* PROBLEM DESCRIPTION
Retype the whole listing exactly. Leave out pictures.

━━━━━ EXERCISE MATERIAL ━━━━━

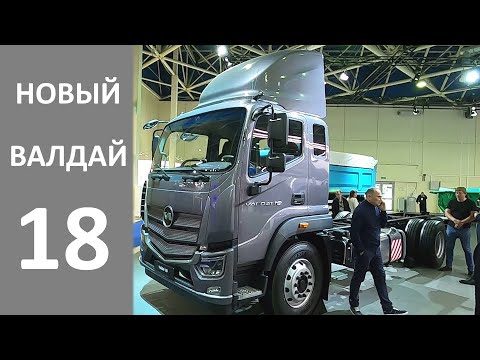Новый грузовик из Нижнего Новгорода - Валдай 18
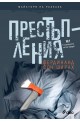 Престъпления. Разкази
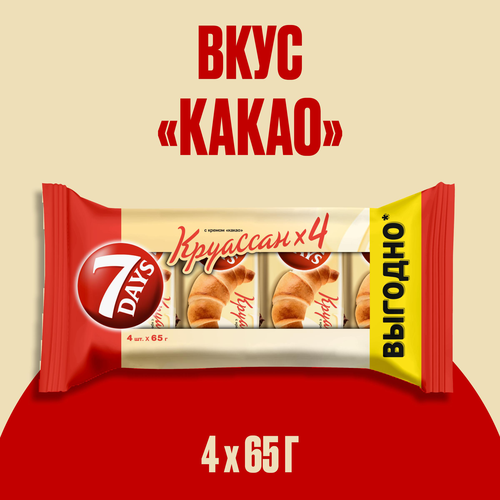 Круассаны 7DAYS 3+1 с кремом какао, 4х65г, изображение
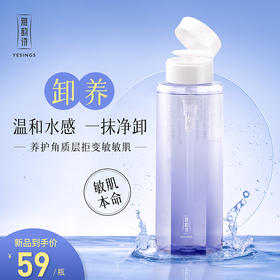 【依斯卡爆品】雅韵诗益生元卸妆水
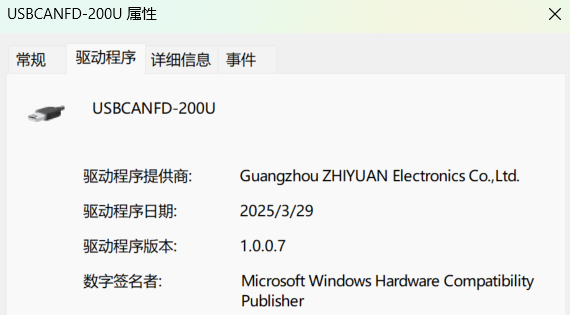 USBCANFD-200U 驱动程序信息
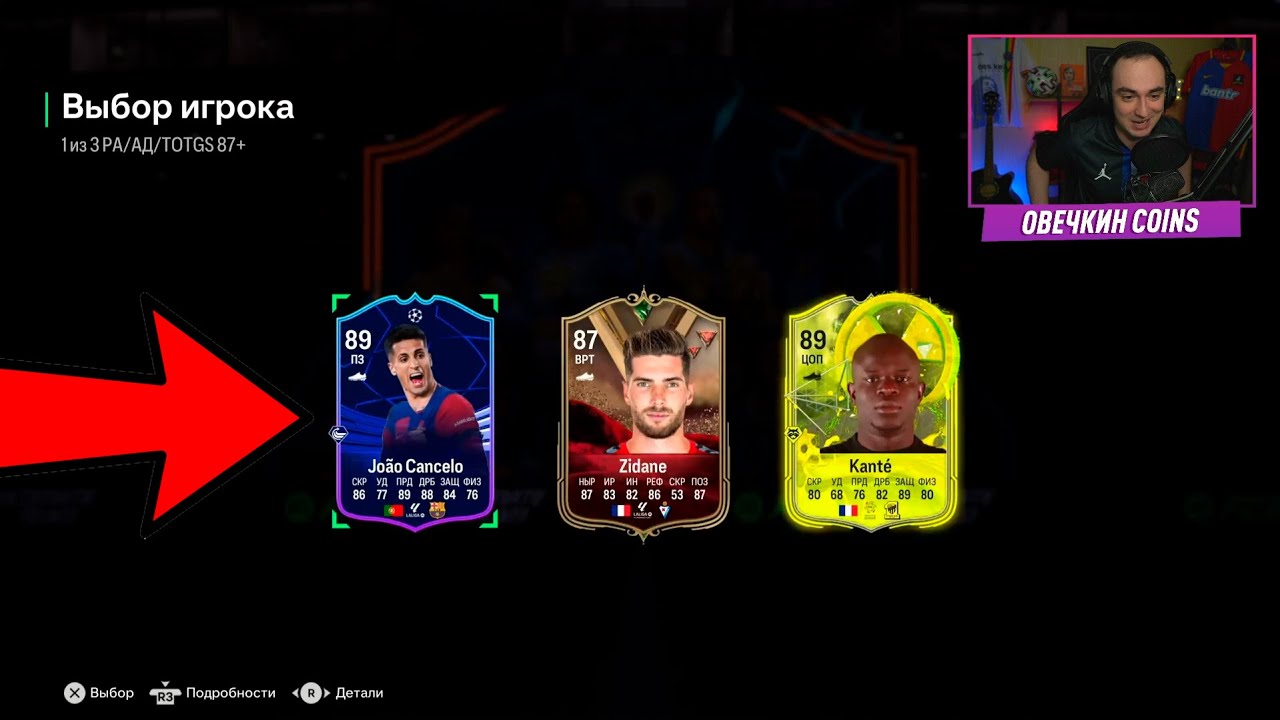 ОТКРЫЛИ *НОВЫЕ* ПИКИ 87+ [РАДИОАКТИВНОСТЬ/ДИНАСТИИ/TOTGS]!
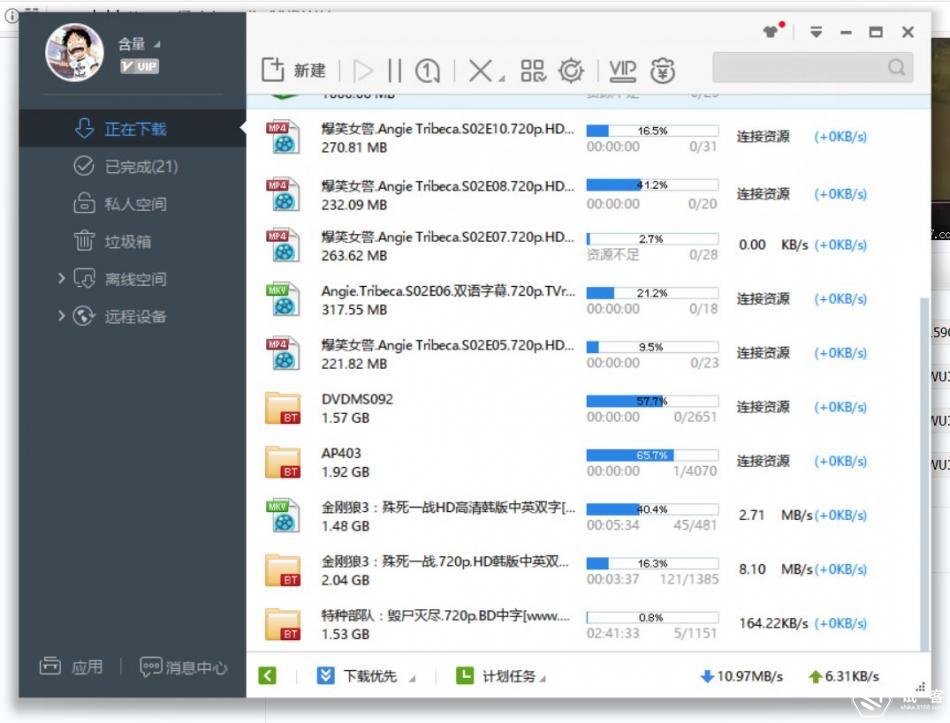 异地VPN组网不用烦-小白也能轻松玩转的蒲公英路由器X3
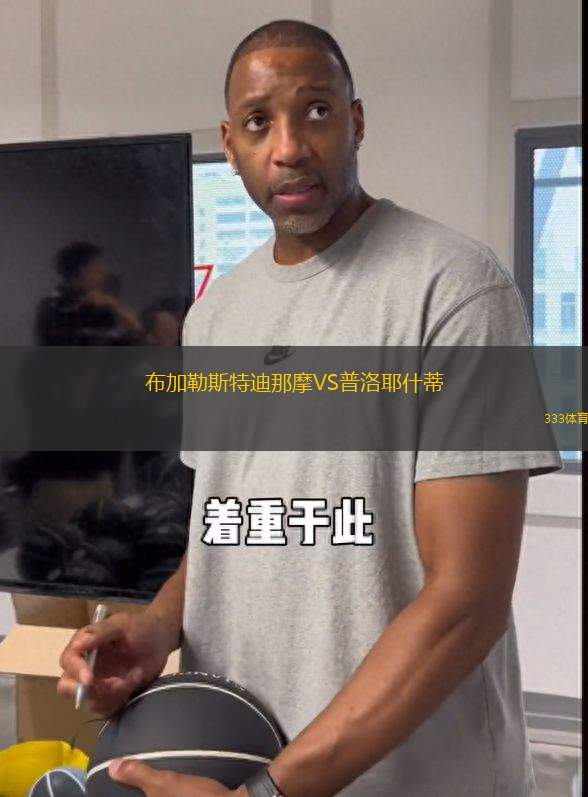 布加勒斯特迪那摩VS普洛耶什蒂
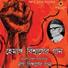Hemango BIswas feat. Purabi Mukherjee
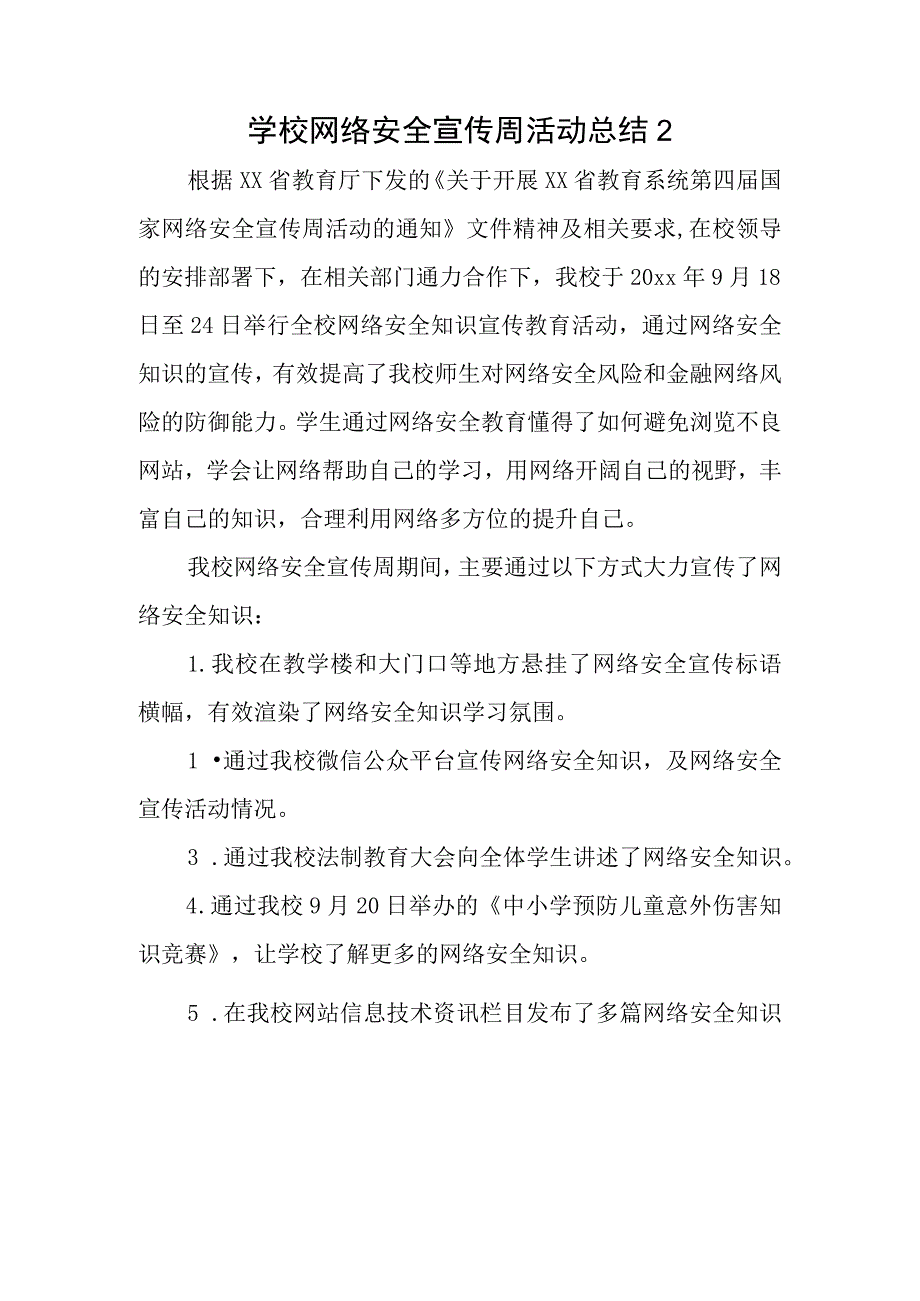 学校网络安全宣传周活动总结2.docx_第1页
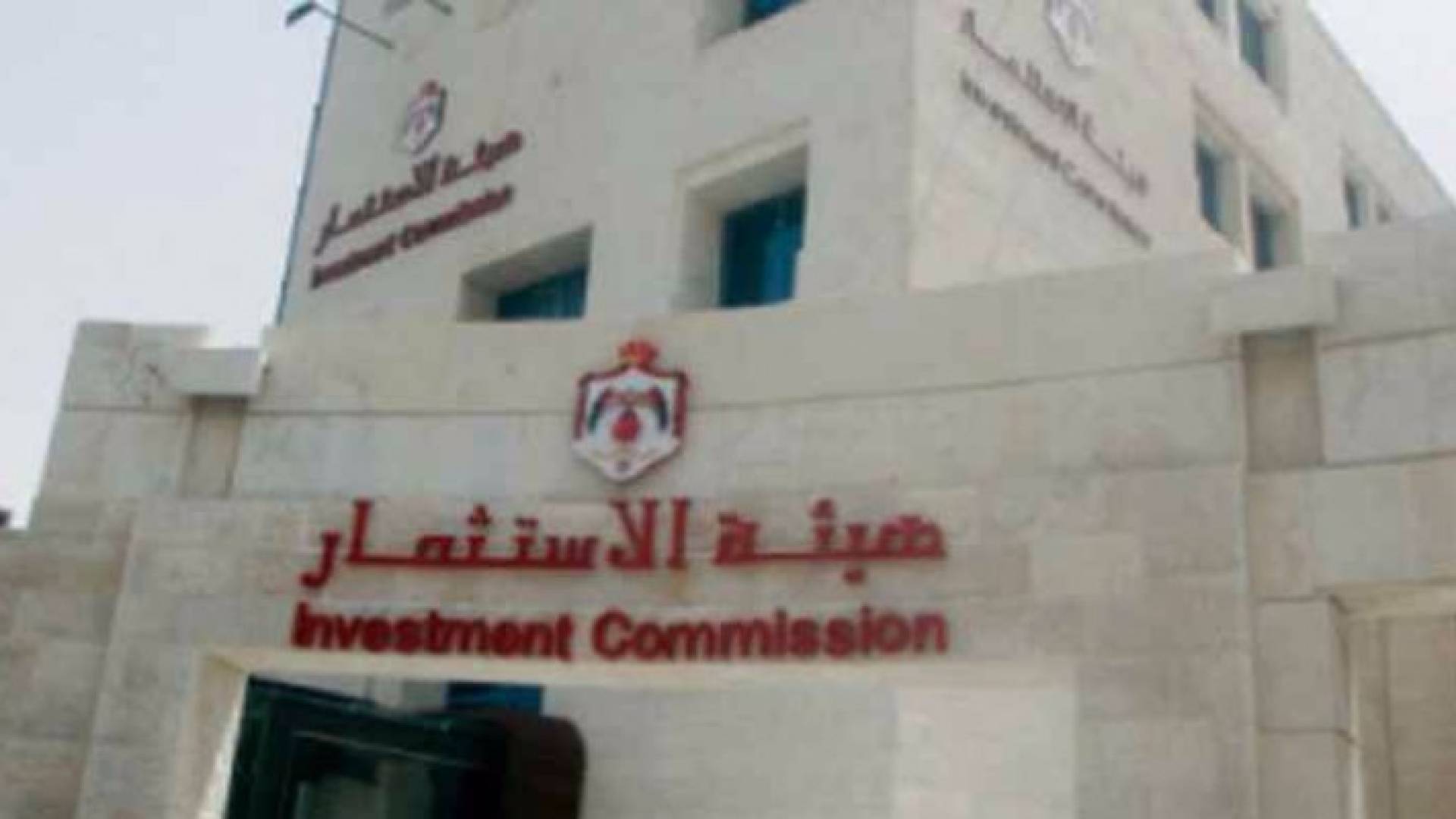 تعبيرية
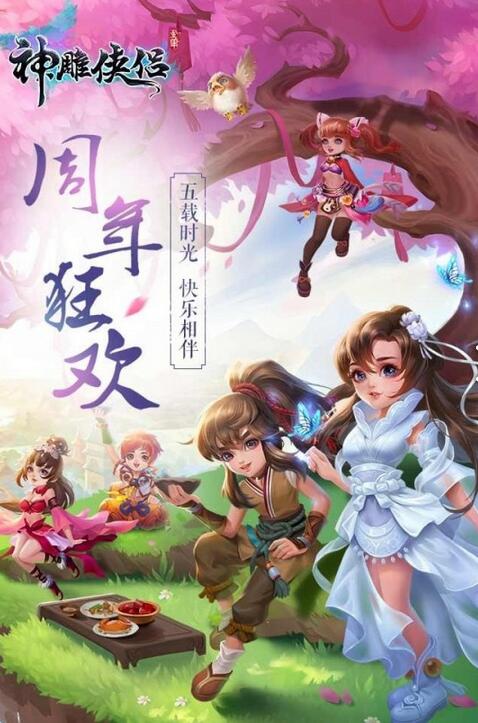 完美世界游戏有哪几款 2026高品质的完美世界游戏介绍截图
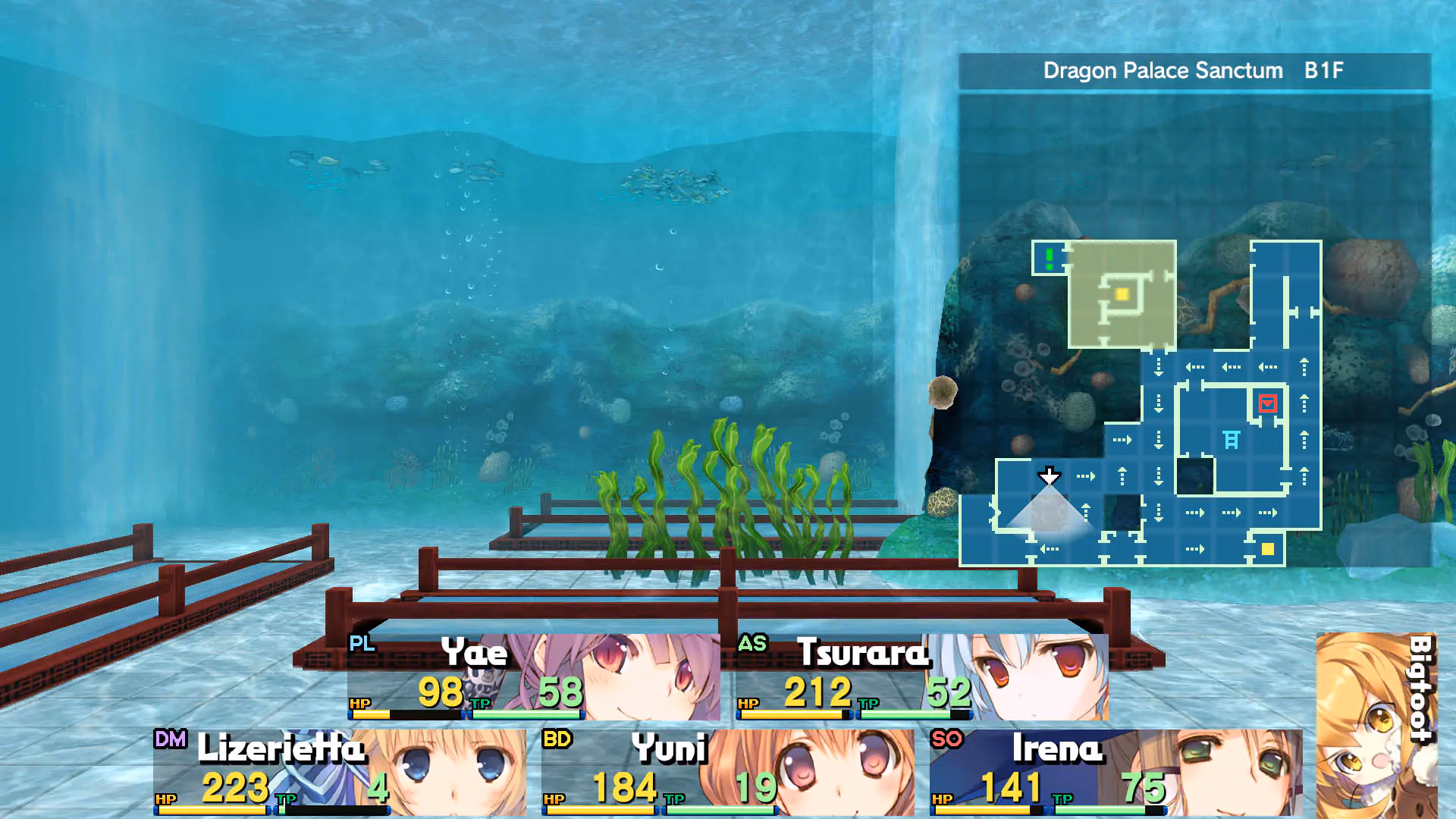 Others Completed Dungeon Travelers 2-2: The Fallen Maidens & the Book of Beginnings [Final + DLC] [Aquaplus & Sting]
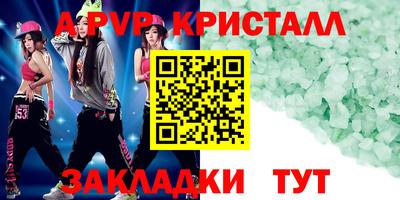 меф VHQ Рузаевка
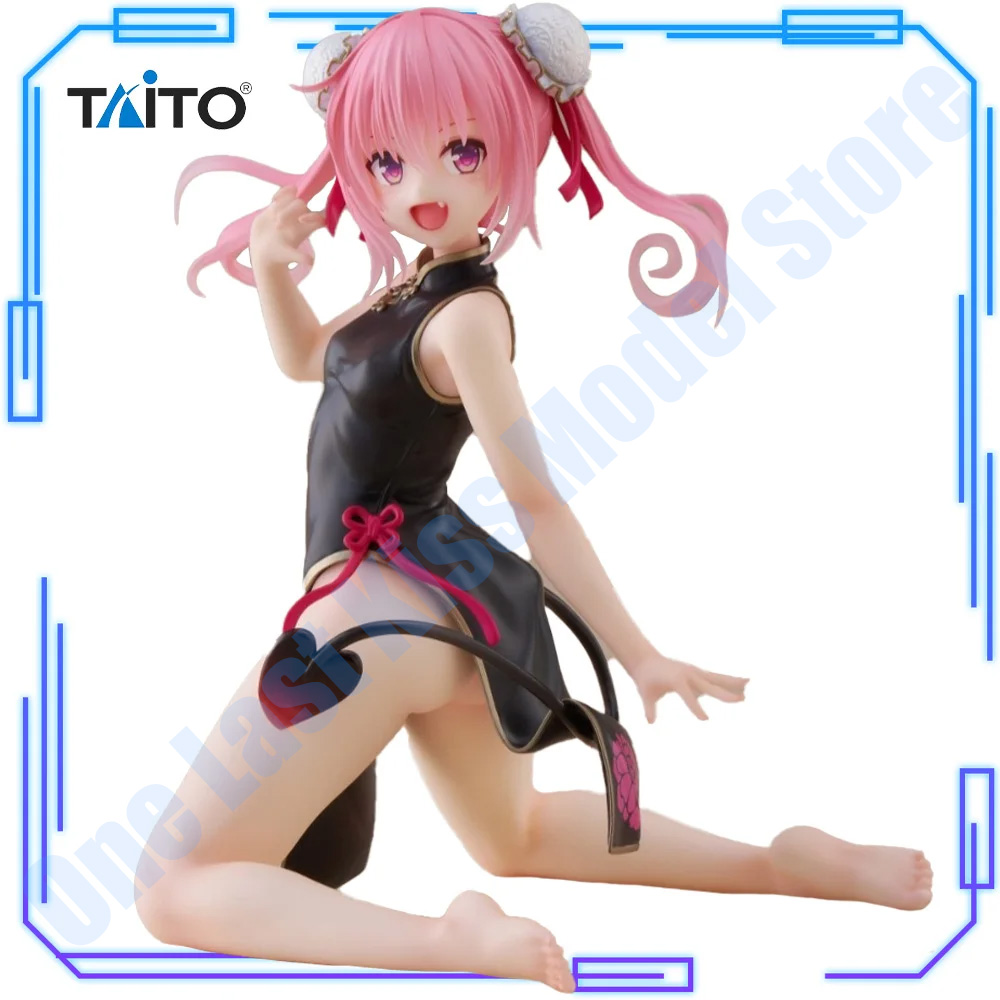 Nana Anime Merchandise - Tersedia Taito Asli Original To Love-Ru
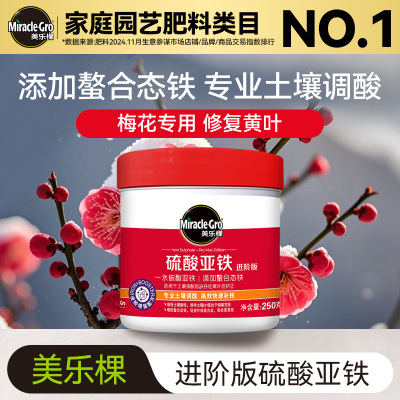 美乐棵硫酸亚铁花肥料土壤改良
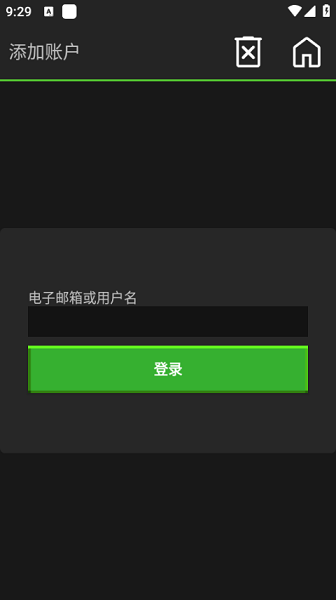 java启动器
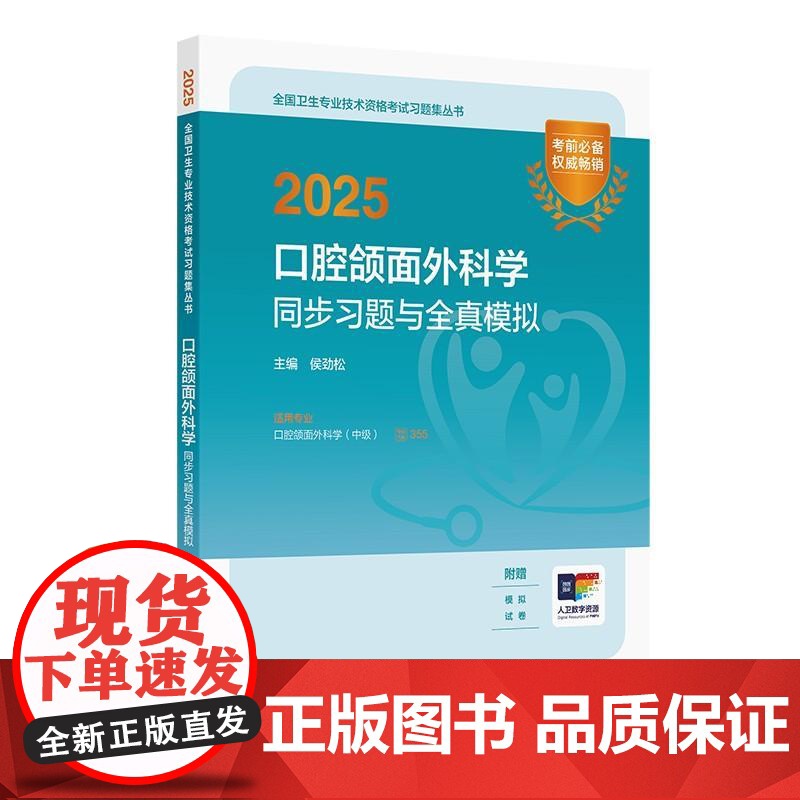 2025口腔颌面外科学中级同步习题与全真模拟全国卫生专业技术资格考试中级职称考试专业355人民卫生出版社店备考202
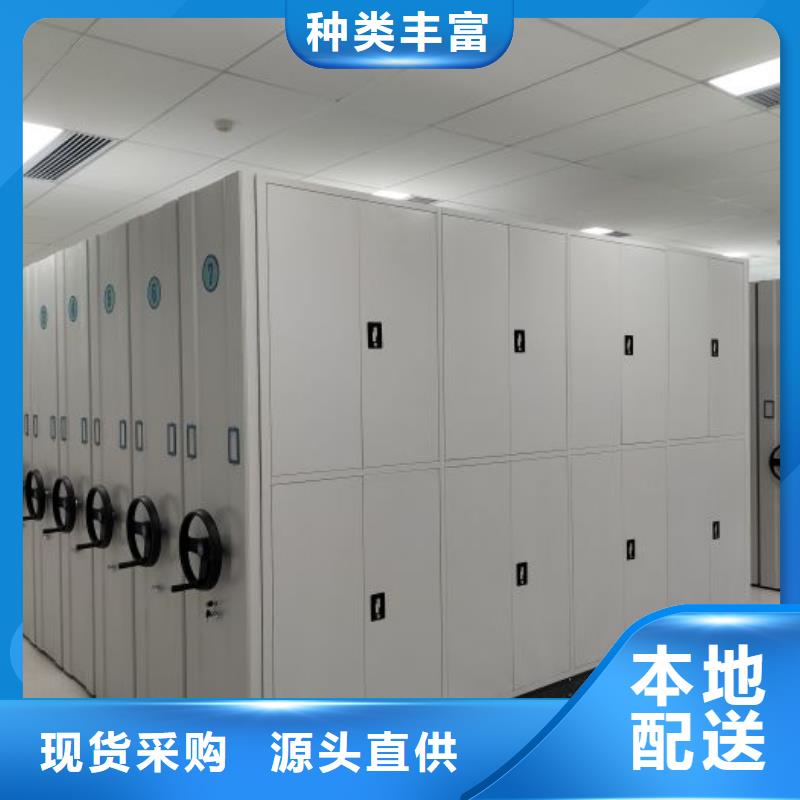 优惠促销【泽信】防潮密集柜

━━━━━

* RESULT OF THE TASK
Новый грузовик из Нижнего Новгорода - Валдай 18
 Престъпления. Разкази
 Круассаны 7DAYS 3+1 с кремом какао, 4х65г, изображение
 【依斯卡爆品】雅韵诗益生元卸妆水
 USBCANFD-200U 驱动程序信息
 ОТКРЫЛИ *НОВЫЕ* ПИКИ 87+ [РАДИОАКТИВНОСТЬ/ДИНАСТИИ/TOTGS]!
 异地VPN组网不用烦-小白也能轻松玩转的蒲公英路由器X3
 布加勒斯特迪那摩VS普洛耶什蒂
Hemango BIswas feat. Purabi Mukherjee
 学校网络安全宣传周活动总结2.docx_第1页
 تعبيرية
 完美世界游戏有哪几款 2026高品质的完美世界游戏介绍截图
 Others Completed Dungeon Travelers 2-2: The Fallen Maidens & the Book of Beginnings [Final + DLC] [Aquaplus & Sting]
 меф VHQ Рузаевка
 Nana Anime Merchandise - Tersedia Taito Asli Original To Love-Ru
 美乐棵硫酸亚铁花肥料土壤改良
 java启动器
 2025口腔颌面外科学中级同步习题与全真模拟全国卫生专业技术资格考试中级职称考试专业355人民卫生出版社店备考202
 优惠促销【泽信】防潮密集柜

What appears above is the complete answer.